Payments were made to relatives and friends of Mamun and Kabir, including around $200,000 into the account of Mamun’s wife.

The pair were engaged as “subject matter experts” until November 2014, but Oscillosoft continued paying them until late 2018.

The commission was also told that after the initial arrangement, Mamun approached Oscillosoft director Ashique Ibrahim in 2017 wanting equity in Oscillosoft.

Following this approach, the firm sought legal advice about forming a company with Mamun and Kabir, and was later told this was not possible as they worked for TAFE NSW.

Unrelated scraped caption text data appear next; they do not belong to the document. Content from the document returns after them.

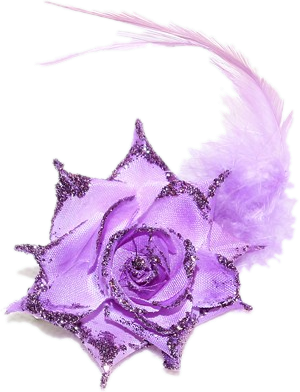 pincce-violette.png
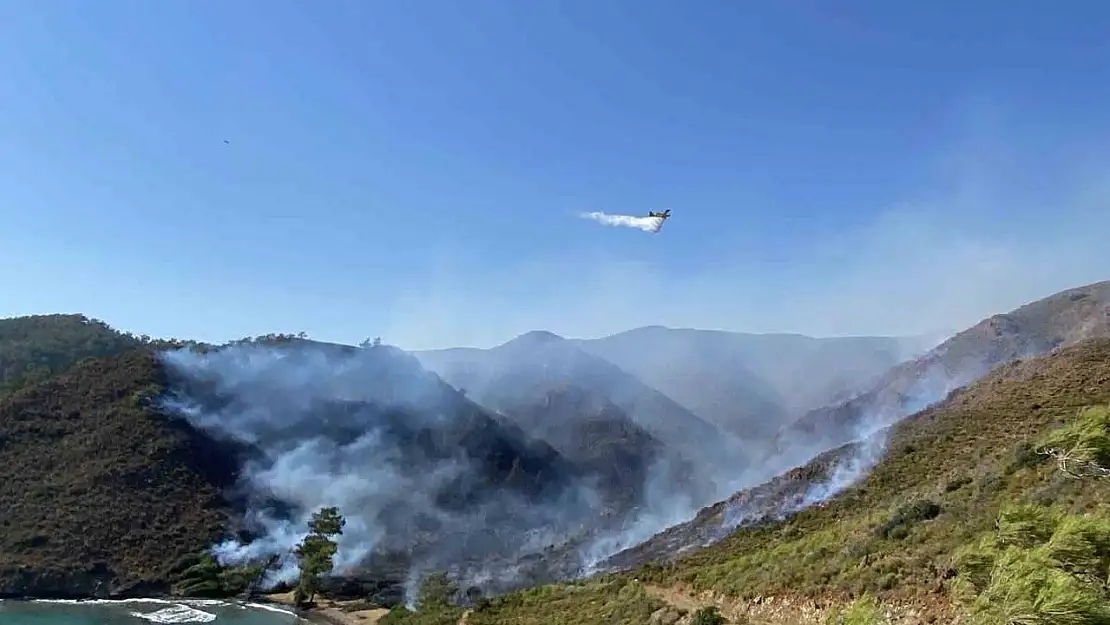 Marmaris'teki orman yangınına müdahale sürüyor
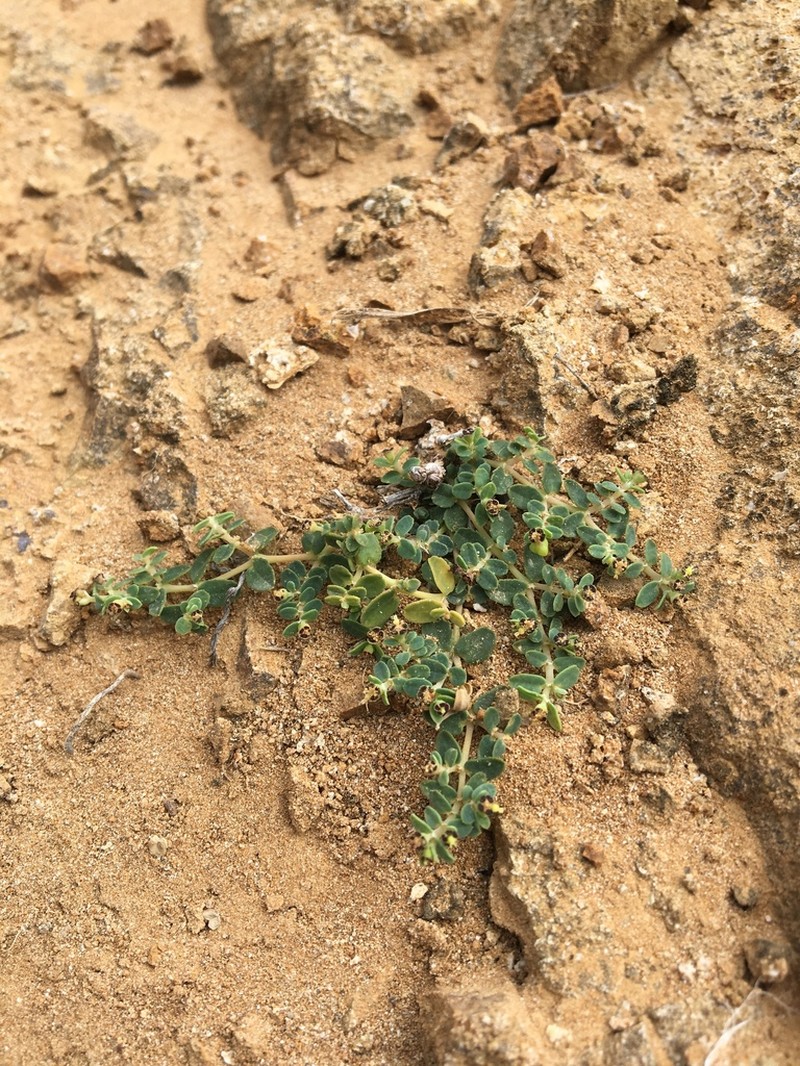 Euphorbia recurva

Despite this legal advice, Oscillosoft made additional payments to Mamun and Kabir in January 2018, October 2018 and December 2018 at their request.

Potential prosecution

ICAC will now consider obtaining the advice of the state Director of Public Prosecutions over whether or not to prosecute Mamun and Kabir, as well as the three Oscillosoft directors, for various alleged offences.

It said “insufficient governance and the iPlan program being developed outside an ICT governance framework” and “repeated non-compliance with procurement policy” contributed to the conduct.

TAFE NSW has been asked to “constrain local ICT projects that are ‘architectural exceptions’” by closing regional data centres, moving applications and software into the TAFE NSW private cloud or a local cloud provider [and] evaluating local software modules, applications and version for requirement and removal”.

The Commission also recommended ensuring “robust and measurable criteria are used… for the governance of ICT projects by uplifting capability to members of project control boards”, and that TAFE NSW develop strategic category plans that cover all ICT spend and denote which spend is significant.